HOPE TO ACHIEVE (if ahead of schedule)

Extra goals if the project goes well and we get ahead of schedule. Each includes why it might be reachable.

1. Interactive / live simulation

  • Allow the simulator to run in near real-time, updating heatmaps and strain dynamically as power inputs change.
  • Provide a live visualization of the mesh deforming or the heat flow changing over time.

Why it might be achievable: If the core timestep is already fast on moderate meshes, throttling visualization resolution and timestep count can keep an interactive loop within tens of milliseconds per frame on lab CPUs.

2. Customizable inputs & scenarios

  • Write a program or interface to adjust power profiles on-the-fly, e.g., simulate a hotspot suddenly powering up.
  • Allow users to set cell material properties, expansion coefficients, or thermal conductances dynamically.
  • Include dynamic load injection to test extreme or non-uniform scenarios.

Why it might be achievable: A simple file- or stdin-driven power trace and a small set of CLI flags reuse the same engine without rewriting the hot loop.

3. Flexible mesh / floorplan import

  • Support importing arbitrary processor floorplans, e.g., from JSON, CSV, or standard CAD formats.
  • Map imported floorplans to the mesh, assigning thermal properties to each block automatically.

Why it might be achievable: Parsing a coarse JSON/CSV block list into rectilinear regions is orthogonal to the timestep kernel and can follow once the mesh data structure stabilizes.
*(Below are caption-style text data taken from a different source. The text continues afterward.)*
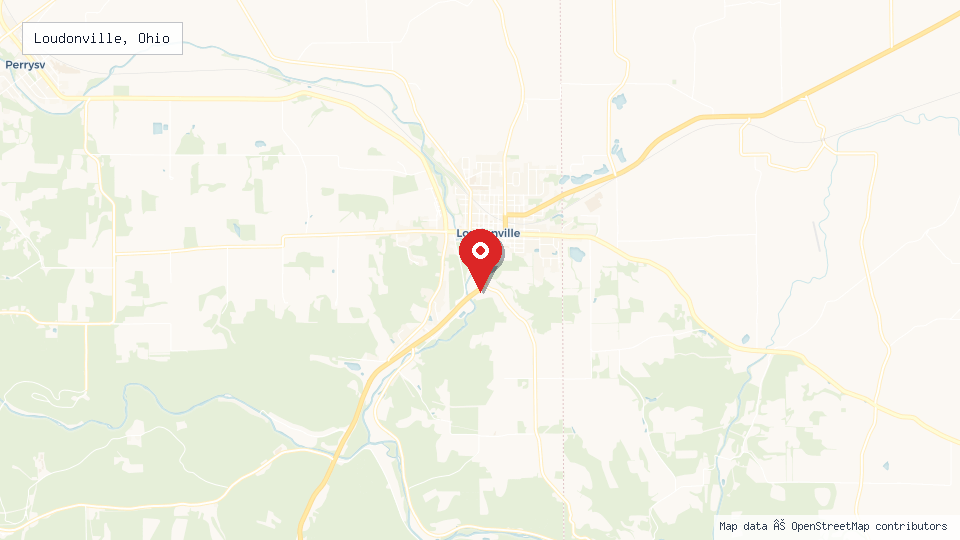Street map of Loudonville, Ohio with location pin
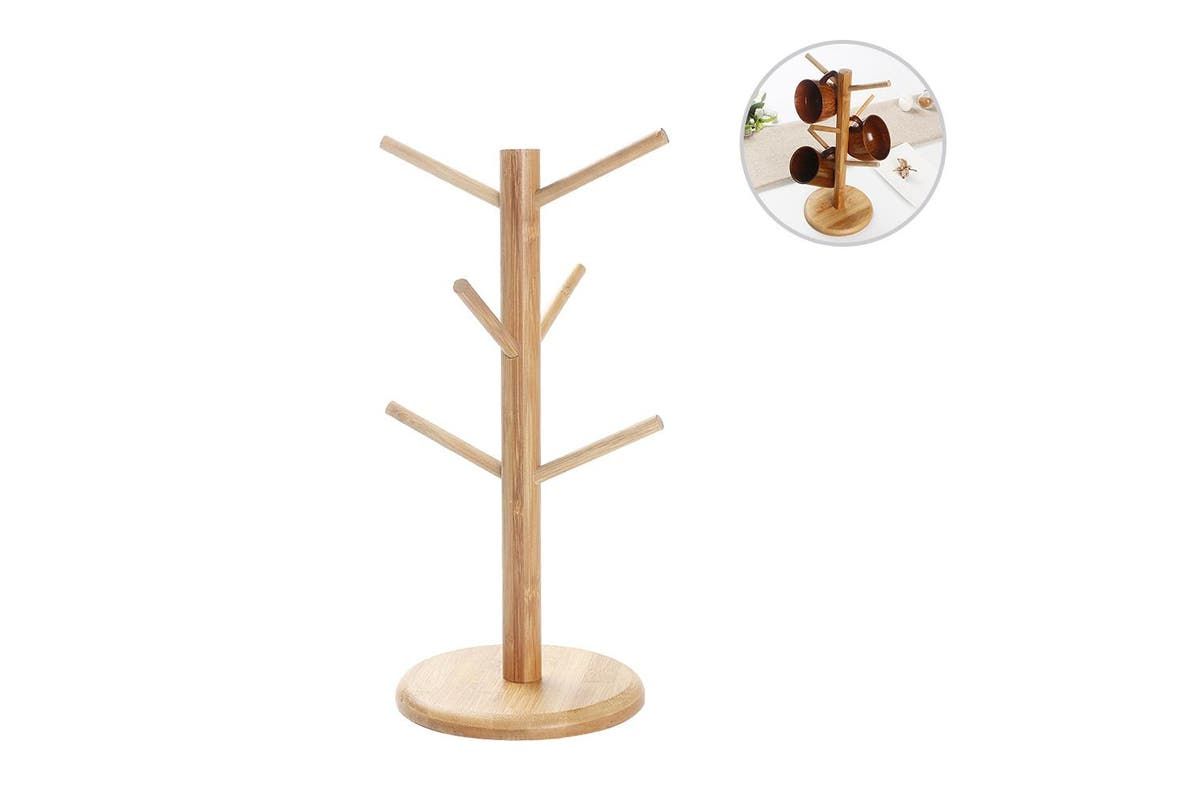 Wooden Tree Mug Holder Rack for 6 Cups - Countertop Coffee Mug Stand Organizer for Kitchen & Dining Table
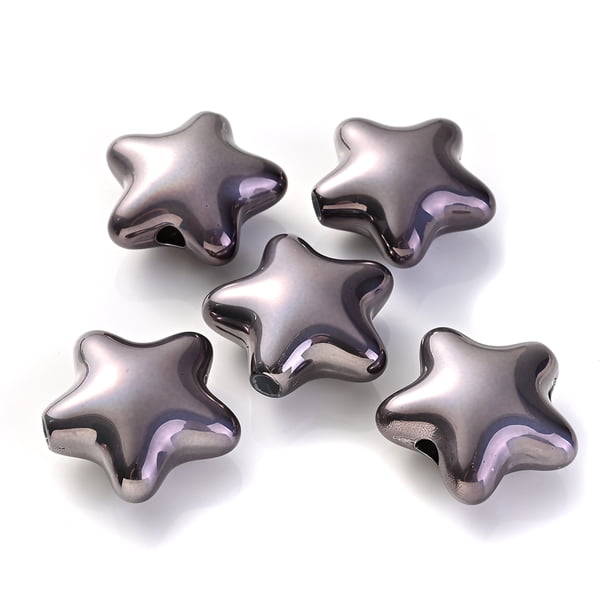10pcs 20x21mm Big Size Star Spacer Beads Acrylic Five-Pointed Star Beads Charms Creative For DIY Bracelet Necklace Handmade Crafts Jewelry Making Supplies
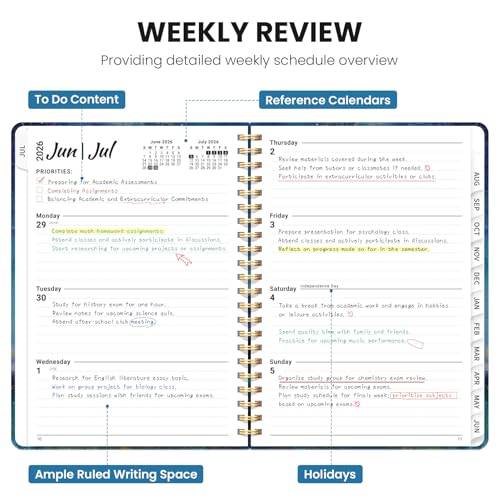 Planner 2026-2027, Academic Planner Weekly and Monthly, Jul 2026 - Jun 2027, Spiral Bound School Planning Tool with Tabs and Pocket, Perfect for Students & Teacher, 6.3" x 8.5", Starlit Peaks - color: Starlit Peaks, size: 6.3"x8.5" (A5)
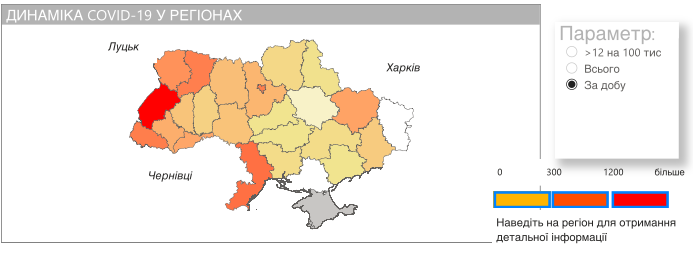 Динамика коронавируса по регионам. Карта: covid19.gov.ua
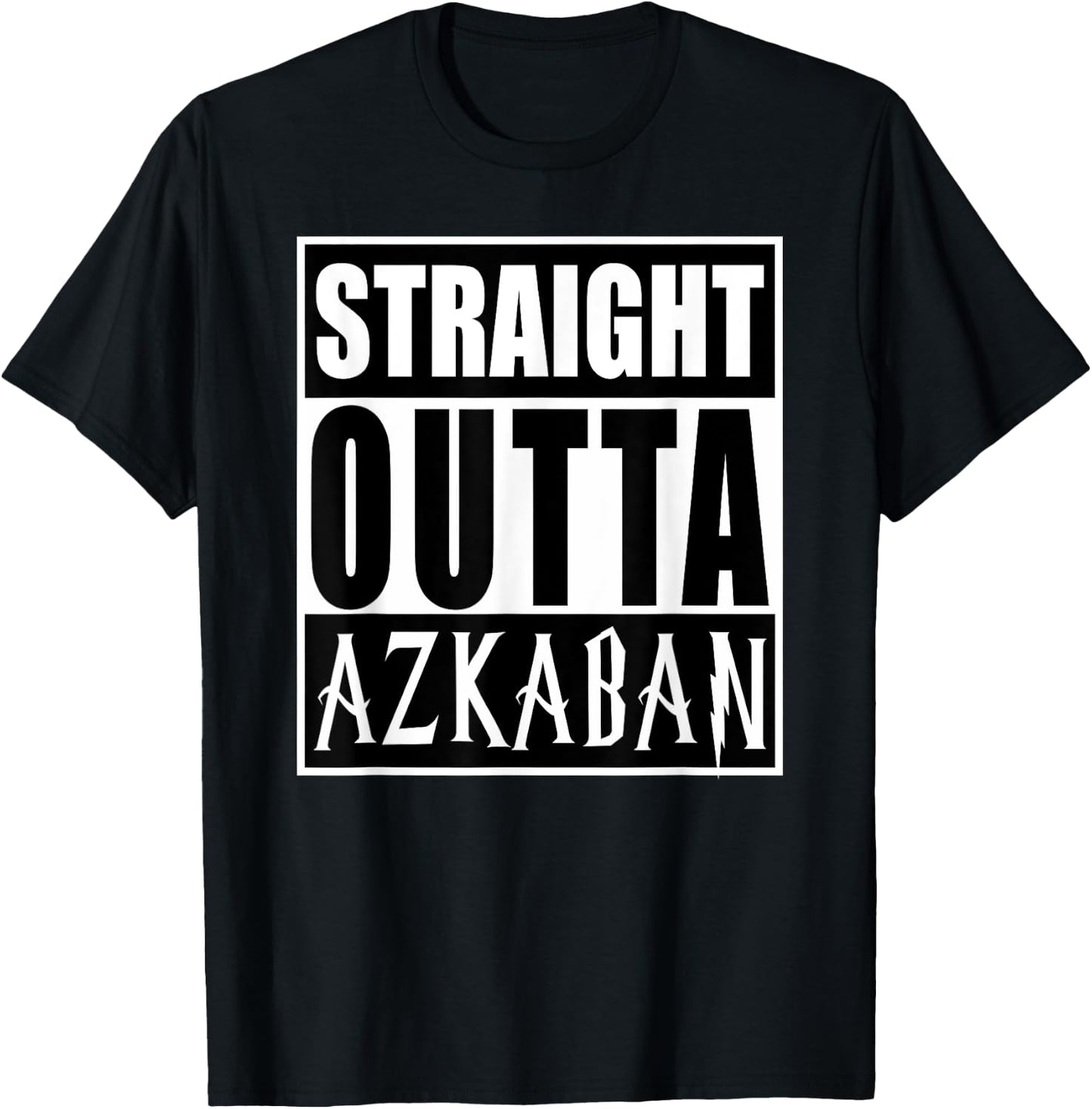 Straight Outta Askaban Funny Graphic T-Shirt - T-Shirt | Black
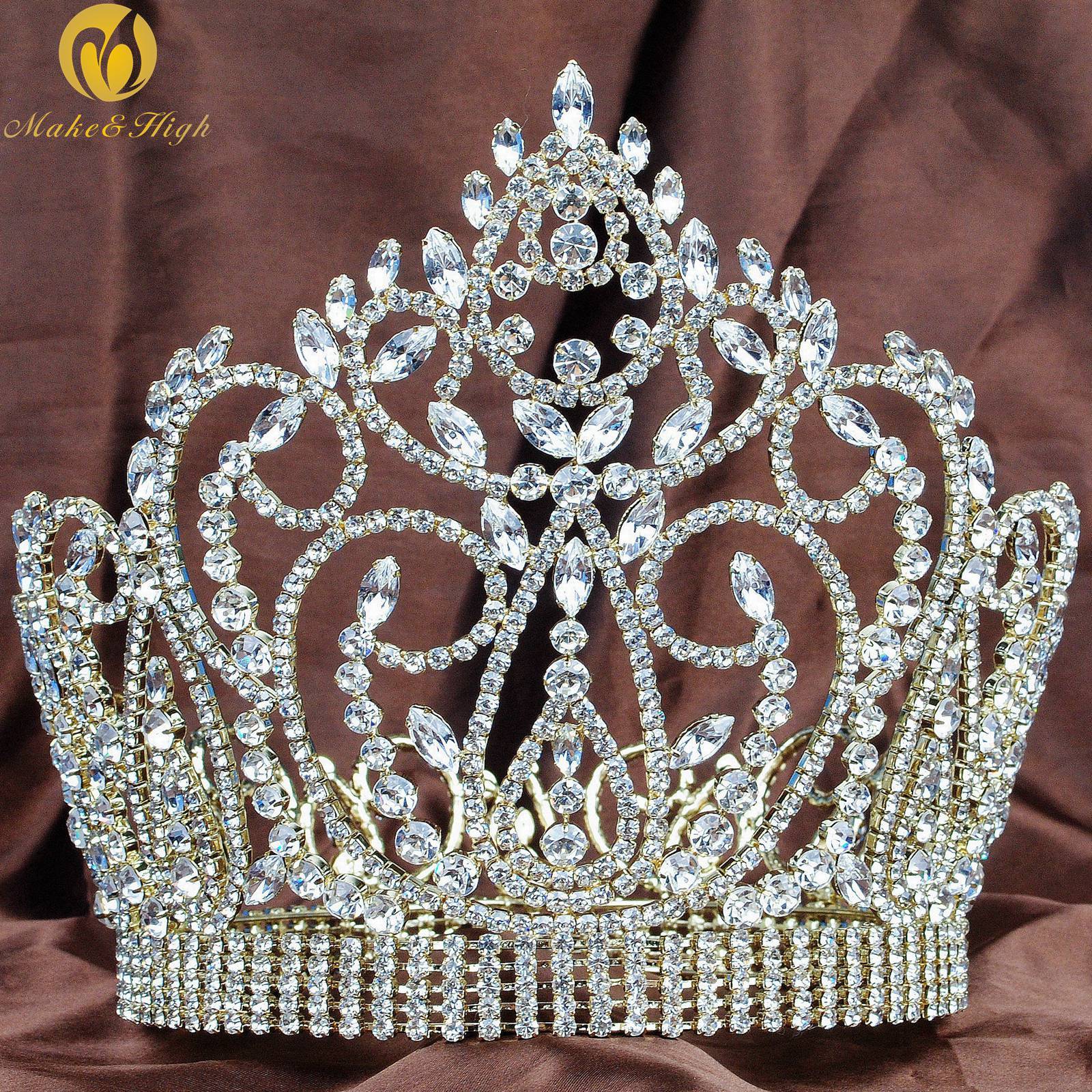 Fantastic 7" Tiara Diadem Gold Crown Clear Rhinestone Miss Pageant ...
4. Enhanced visualization & output

  • Generate animated heatmaps or videos showing thermal propagation and mesh deformation over time.
  • Produce performance dashboards combining heatmaps, strain, and thread utilization for parallel runs.

Why it might be achievable: Dumping per-step PNGs or CSVs from existing fields is mostly I/O plumbing once the simulation produces stable outputs.

Stretch performance target (hope): If tuning succeeds, we would like to approach roughly ~6–8× speedup at 8 threads on the same baseline mesh as in our plan—beyond the planned 4× floor—because reducing barrier overhead or improving SoA layout could recover a meaningful fraction of serial time. We will only claim this if measurements support it.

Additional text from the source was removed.